To do: All lines below between the line with "cuando no se mencione que está" and the line with "ＴＨＥ　ＭＡＤ　ＣＡＰＳＵＬ", including both, must be copied exactly, and the pictures must be omitted.

(Crawled caption data)
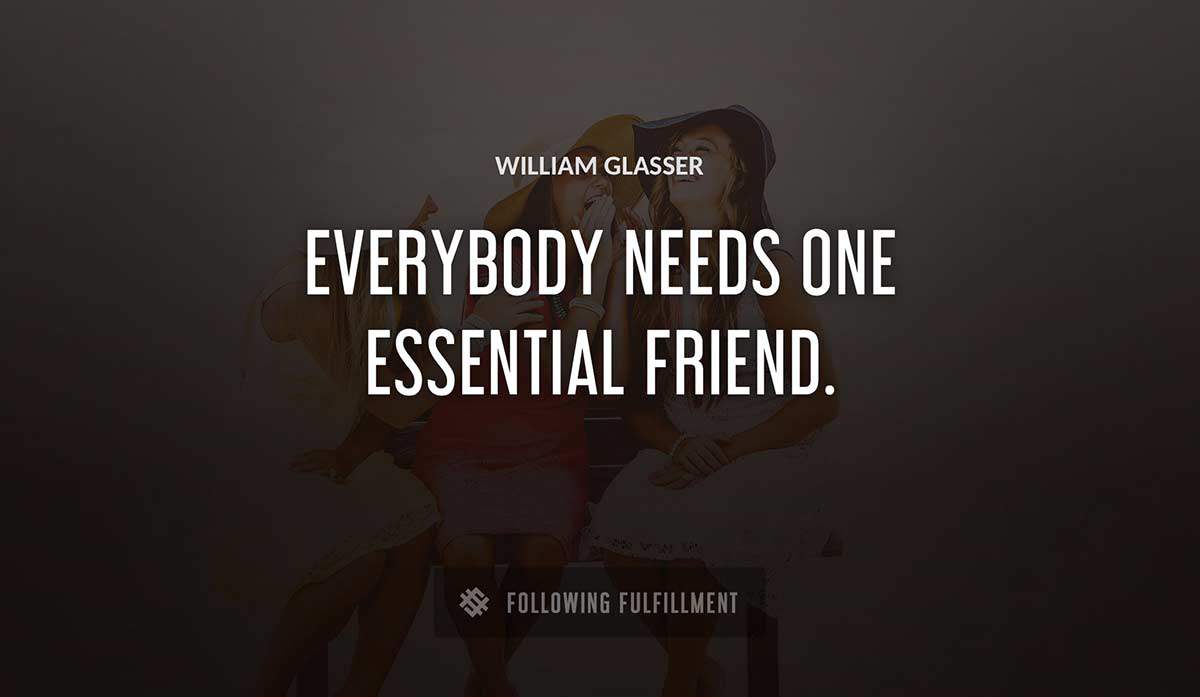 everybody needs one essential friend William Glasser quote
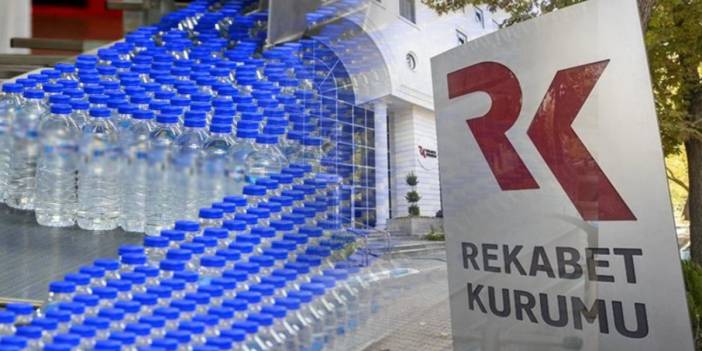 En çok tükettiğimiz o su markalarına ceza! Rekabet Kurulu'ndan toplamda 25 milyon lirayı aşan ceza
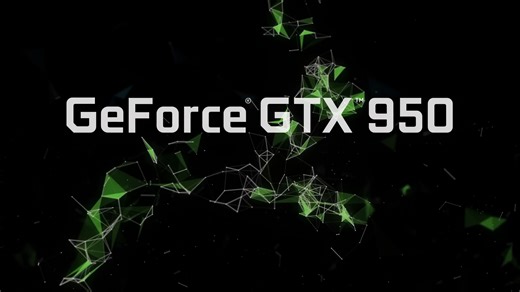 强悍性能！游戏利器！GTX950正式发布！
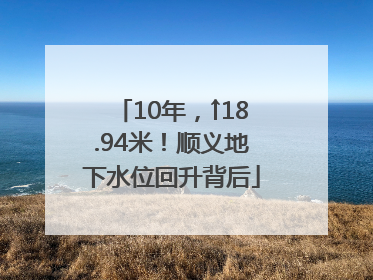 10年，↑18.94米！顺义地下水位回升背后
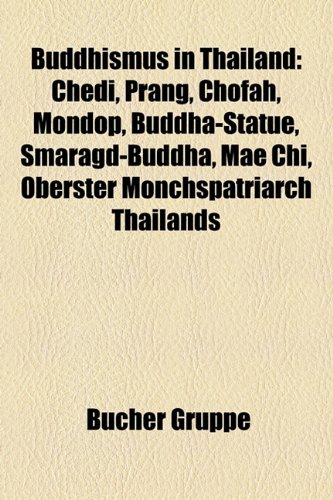 Buddhismus in Thailand: Buddhistischer Tempel in Thailand, Chedi, Wat, Prang, Chofah, Mondop, Liste buddhistischer Tempel in Thailand, Buddha-Stat ...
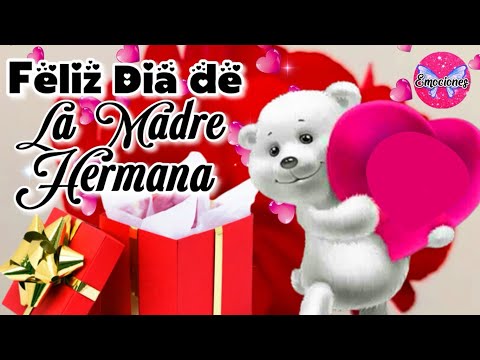 Feliz día de la madre, hermana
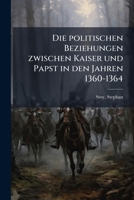 Die Politischen Beziehungen Zwischen Kaiser Und Papst in Den Jahren 1360-1364 1176087010 Book Cover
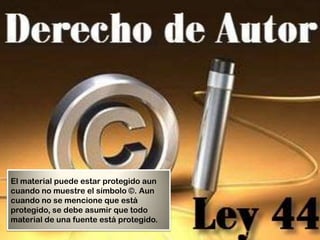 El material puede estar protegido aun
cuando no muestre el símbolo ©. Aun
cuando no se mencione que está
protegido, se debe asumir que todo
material de una fuente está protegido.
 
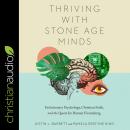 Thriving with Stone-Age Minds: Evolutionary Psychology, Christian Faith, and the Quest for Human Flourishing, Justin L. Barrett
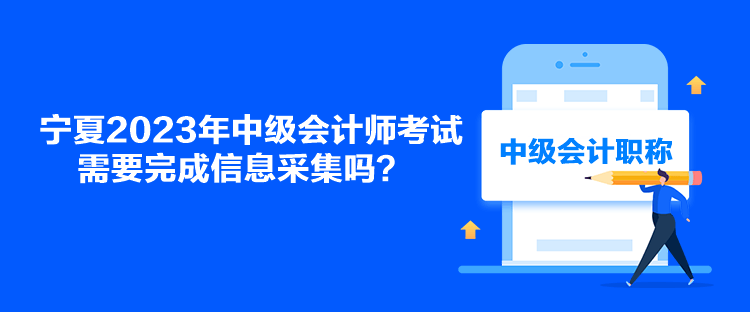 宁夏2023年中级会计师考试需要完成信息采集吗？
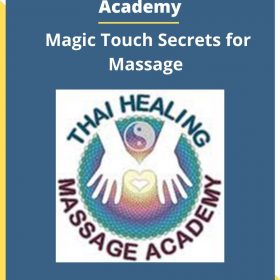 Thai Healing Massage Academy – Magic Touch Secrets for Massage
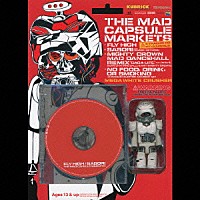 ＴＨＥ　ＭＡＤ　ＣＡＰＳＵＬＥ　ＭＡＲＫＥＴＳ「 ＦＬＹ　ＨＩＧＨ／ＳＡＳＯＲＩ」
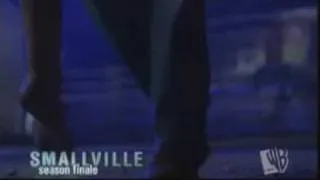 Smallville 3#22 Season Finale trailer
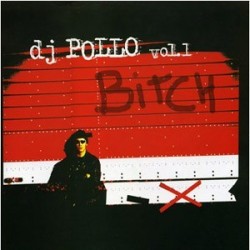 Pollo DJ – Vol. 1 - Bitch (2 MANO,JUMPER)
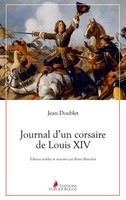 Journal D'un Corsaire De Louis Xiv Jean Doublet Taschenbuch FranzöSisch 2022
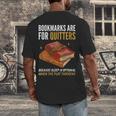Bookmarks Are For Quitters Book Lover Saying Men's Back Print T-Shirt Bookmarks Are For Quitters Book Lover Saying Men's Back Print T-Shirt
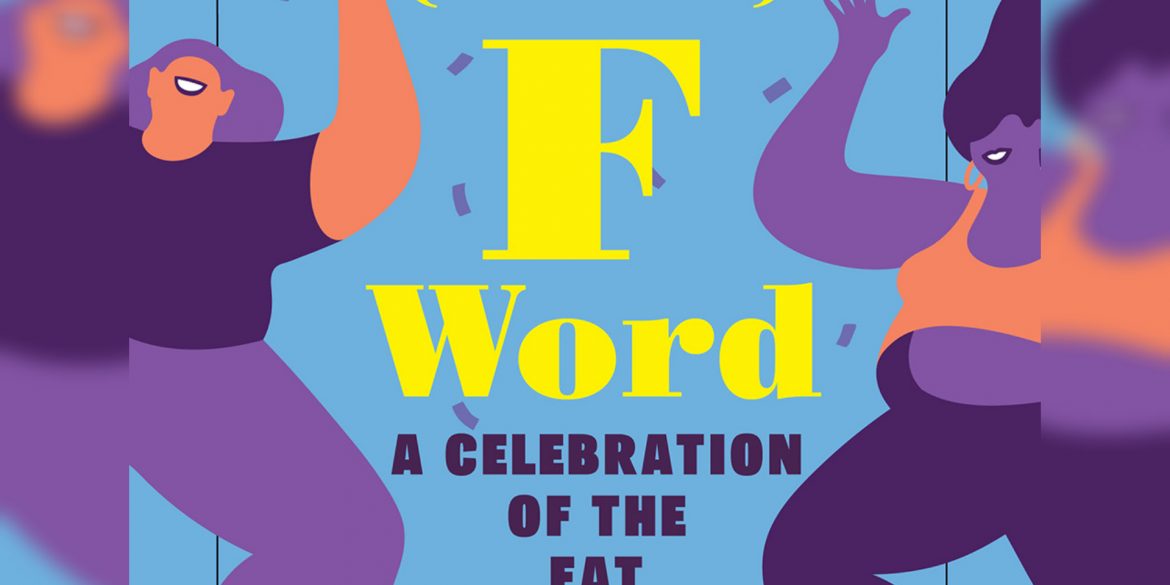 The (Other) F Word: A Celebration of the Fat and Fierce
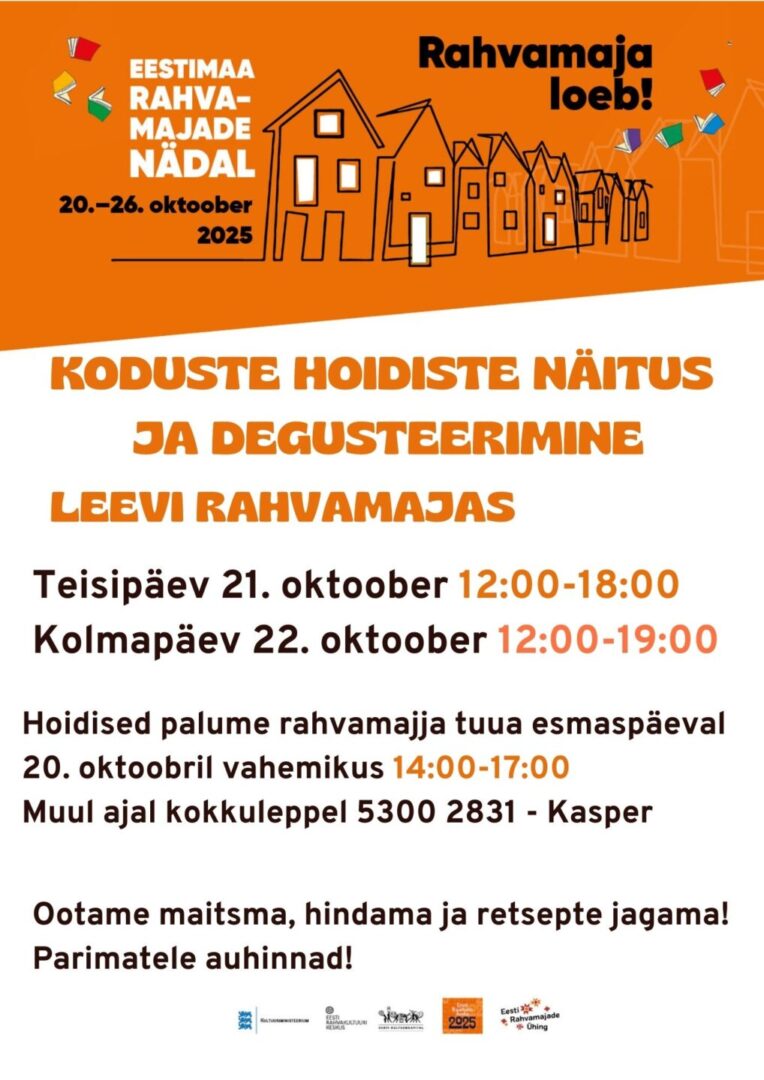 Koduste hoidiste näitus ja degusteerimine @ Leevi rahvamaja | Leevi | Põlva maakond | Eesti
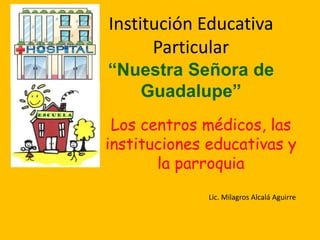 Institución Educativa
Particular
“Nuestra Señora de
Guadalupe”
Los centros médicos, las
instituciones educativas y
la parroquia
Lic. Milagros Alcalá Aguirre
 
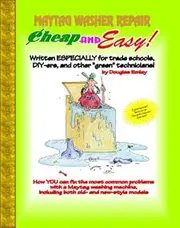 Cheap and Easy! Maytag Washer Repair (Cheap and Easy! Appliance Repair Series)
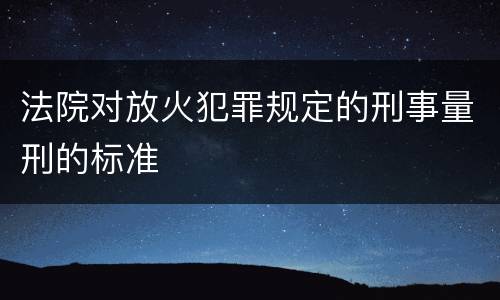 法院对放火犯罪规定的刑事量刑的标准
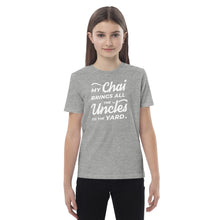 Load image into Gallery viewer, My Chai Brings All the Uncles to the Yard - Organic cotton kids t-shirt
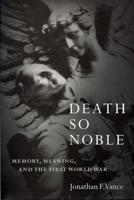 Death So Noble: Memory, Meaning, and the First World War 0774806001 Book Cover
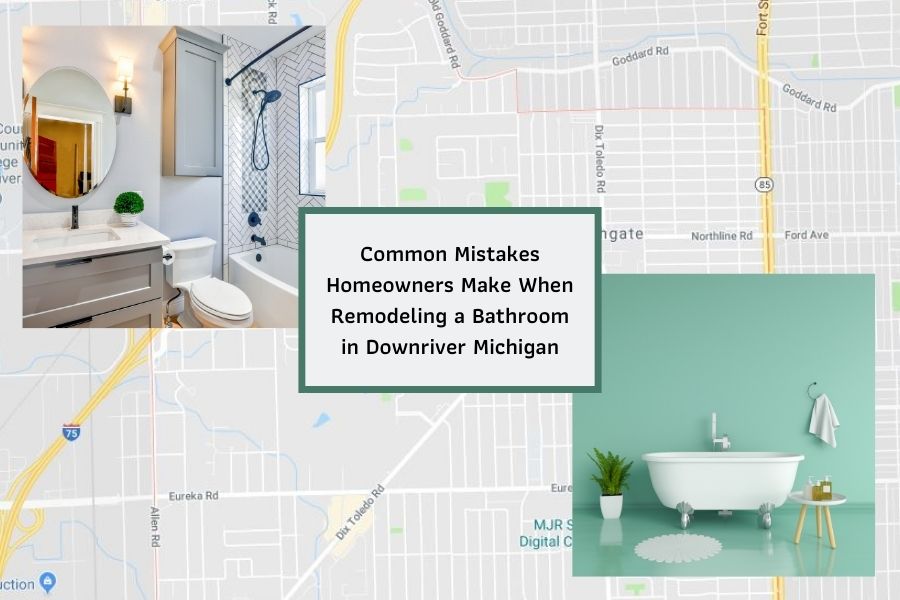 Common Mistakes Homeowners Make When Remodeling a Bathroom in Downriver Michigan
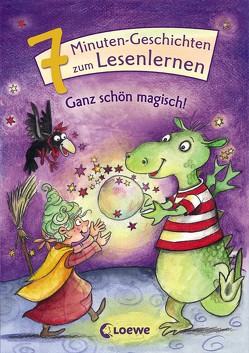 Leselöwen – Das Original – 7-Minuten-Geschichten zum Lesenlernen – Ganz schön magisch!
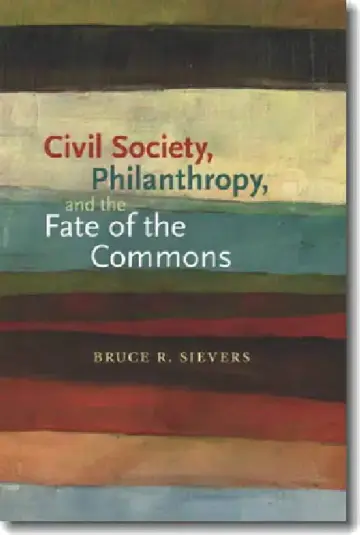 Cover of Civil Society, Philanthropy, and the Fate of the Commons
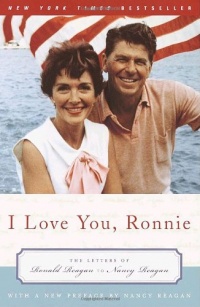 I Love You, Ronnie: The Letters of Ronald Reagan to Nancy Reagan I Love You, Ronnie: The Letters of Ronald Reagan to Nancy Reagan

Response for this exercise:
cuando no se mencione que está
protegido, se debe asumir que todo
material de una fuente está protegido.
 
 Thriving with Stone-Age Minds: Evolutionary Psychology, Christian Faith, and the Quest for Human Flourishing, Justin L. Barrett
 宁夏2023年中级会计师考试需要完成信息采集吗？
 Thai Healing Massage Academy – Magic Touch Secrets for Massage
 ＴＨＥ　ＭＡＤ　ＣＡＰＳＵＬＥ　ＭＡＲＫＥＴＳ「 ＦＬＹ　ＨＩＧＨ／ＳＡＳＯＲＩ」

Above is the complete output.